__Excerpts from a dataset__
....................

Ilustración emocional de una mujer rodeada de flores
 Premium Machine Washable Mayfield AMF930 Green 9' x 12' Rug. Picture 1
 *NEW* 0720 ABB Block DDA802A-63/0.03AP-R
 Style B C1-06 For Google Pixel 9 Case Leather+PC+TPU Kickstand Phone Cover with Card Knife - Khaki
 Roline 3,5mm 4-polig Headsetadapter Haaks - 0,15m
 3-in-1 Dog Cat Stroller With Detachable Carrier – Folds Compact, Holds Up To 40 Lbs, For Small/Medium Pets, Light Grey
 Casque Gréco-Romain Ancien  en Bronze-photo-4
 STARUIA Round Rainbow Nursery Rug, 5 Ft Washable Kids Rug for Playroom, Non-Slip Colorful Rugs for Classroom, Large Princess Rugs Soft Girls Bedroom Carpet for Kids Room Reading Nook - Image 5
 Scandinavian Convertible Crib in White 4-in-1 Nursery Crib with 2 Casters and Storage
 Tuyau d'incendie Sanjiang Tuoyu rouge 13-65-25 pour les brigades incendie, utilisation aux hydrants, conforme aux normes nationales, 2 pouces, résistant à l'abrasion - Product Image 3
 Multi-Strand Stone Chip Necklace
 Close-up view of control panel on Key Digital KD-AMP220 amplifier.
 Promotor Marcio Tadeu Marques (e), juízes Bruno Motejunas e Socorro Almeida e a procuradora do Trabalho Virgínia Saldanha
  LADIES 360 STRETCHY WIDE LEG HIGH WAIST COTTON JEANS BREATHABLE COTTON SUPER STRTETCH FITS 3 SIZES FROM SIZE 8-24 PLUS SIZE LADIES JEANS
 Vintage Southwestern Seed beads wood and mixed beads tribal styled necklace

....................

Could you reproduce all the records exactly?

Ilustración emocional de una mujer rodeada de flores
 Premium Machine Washable Mayfield AMF930 Green 9' x 12' Rug. Picture 1
 *NEW* 0720 ABB Block DDA802A-63/0.03AP-R
 Style B C1-06 For Google Pixel 9 Case Leather+PC+TPU Kickstand Phone Cover with Card Knife - Khaki
 Roline 3,5mm 4-polig Headsetadapter Haaks - 0,15m
 3-in-1 Dog Cat Stroller With Detachable Carrier – Folds Compact, Holds Up To 40 Lbs, For Small/Medium Pets, Light Grey
 Casque Gréco-Romain Ancien  en Bronze-photo-4
 STARUIA Round Rainbow Nursery Rug, 5 Ft Washable Kids Rug for Playroom, Non-Slip Colorful Rugs for Classroom, Large Princess Rugs Soft Girls Bedroom Carpet for Kids Room Reading Nook - Image 5
 Scandinavian Convertible Crib in White 4-in-1 Nursery Crib with 2 Casters and Storage
 Tuyau d'incendie Sanjiang Tuoyu rouge 13-65-25 pour les brigades incendie, utilisation aux hydrants, conforme aux normes nationales, 2 pouces, résistant à l'abrasion - Product Image 3
 Multi-Strand Stone Chip Necklace
 Close-up view of control panel on Key Digital KD-AMP220 amplifier.
 Promotor Marcio Tadeu Marques (e), juízes Bruno Motejunas e Socorro Almeida e a procuradora do Trabalho Virgínia Saldanha
  LADIES 360 STRETCHY WIDE LEG HIGH WAIST COTTON JEANS BREATHABLE COTTON SUPER STRTETCH FITS 3 SIZES FROM SIZE 8-24 PLUS SIZE LADIES JEANS
 Vintage Southwestern Seed beads wood and mixed beads tribal styled necklace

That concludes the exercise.